━━━━━ Provided entries ━━━━━

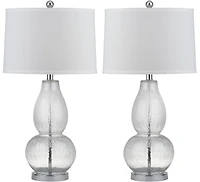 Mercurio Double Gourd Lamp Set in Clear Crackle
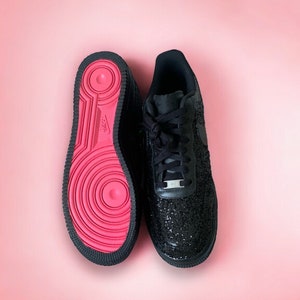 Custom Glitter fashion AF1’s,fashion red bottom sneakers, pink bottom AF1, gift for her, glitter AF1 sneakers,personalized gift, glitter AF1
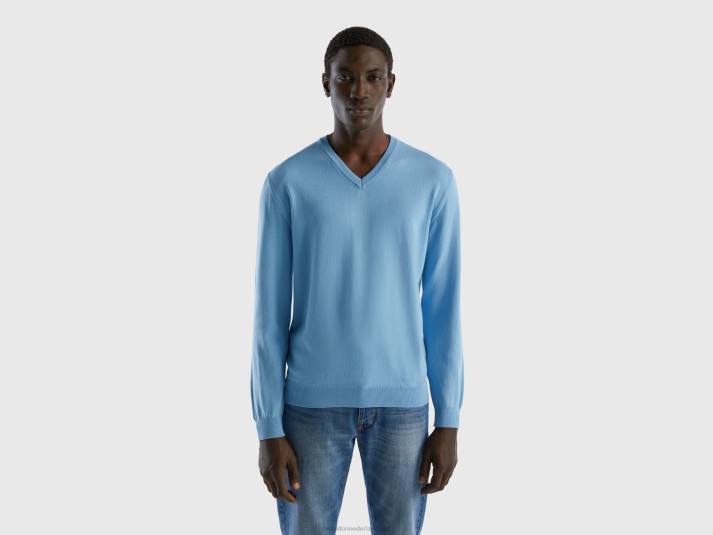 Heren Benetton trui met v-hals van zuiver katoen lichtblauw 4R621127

━━━━━
━━━━━ Provided entries ━━━━━

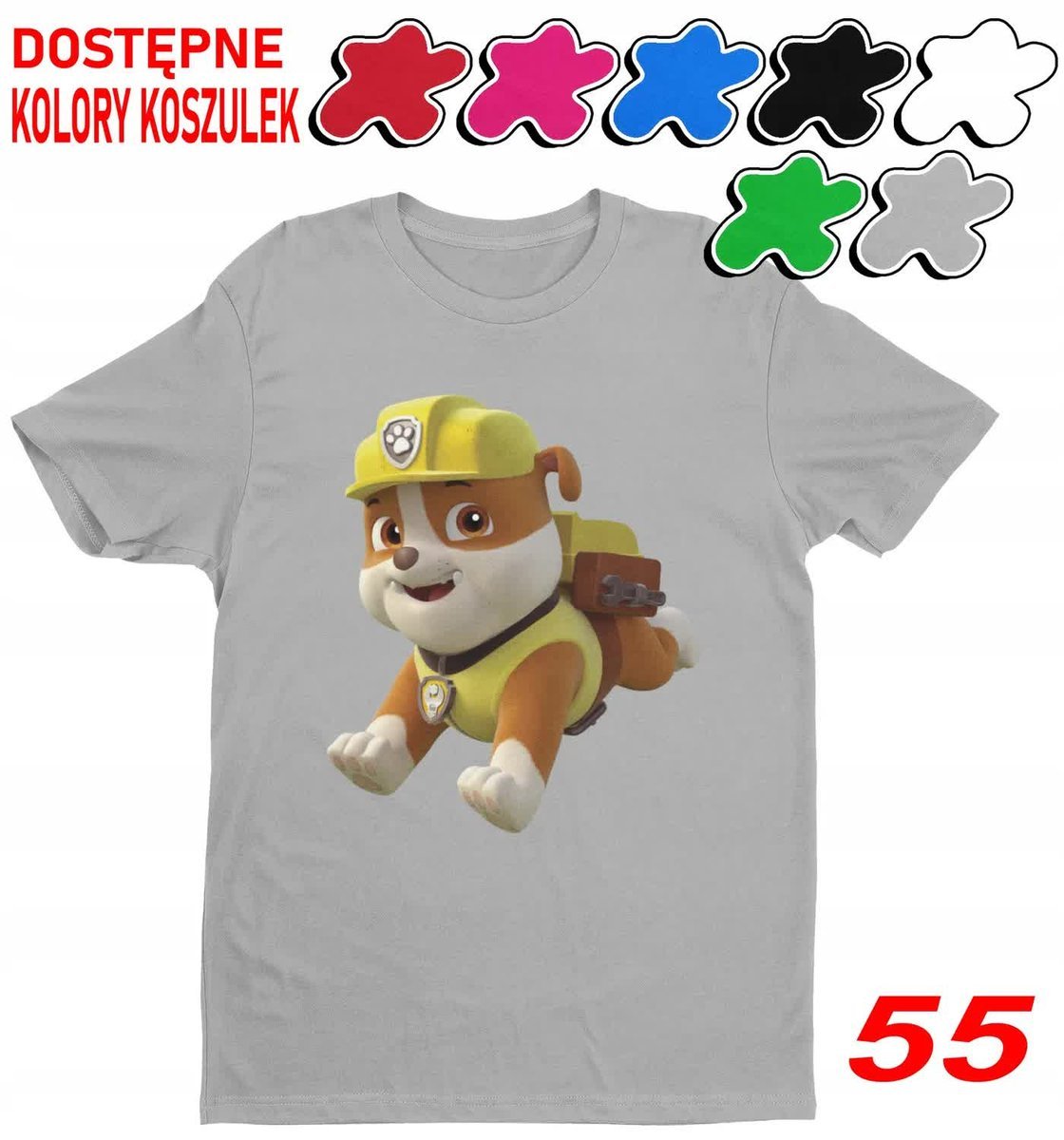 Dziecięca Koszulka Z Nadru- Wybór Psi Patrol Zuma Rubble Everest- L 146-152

━━━━━

Task instructions -
The stretch to restate runs from the line above containing "Custom Glitter fashion" through the line containing "Heren Benetton trui". Copy it word for word, ends included, without pictures.

Task solution -
 Custom Glitter fashion AF1’s,fashion red bottom sneakers, pink bottom AF1, gift for her, glitter AF1 sneakers,personalized gift, glitter AF1
 Heren Benetton trui met v-hals van zuiver katoen lichtblauw 4R621127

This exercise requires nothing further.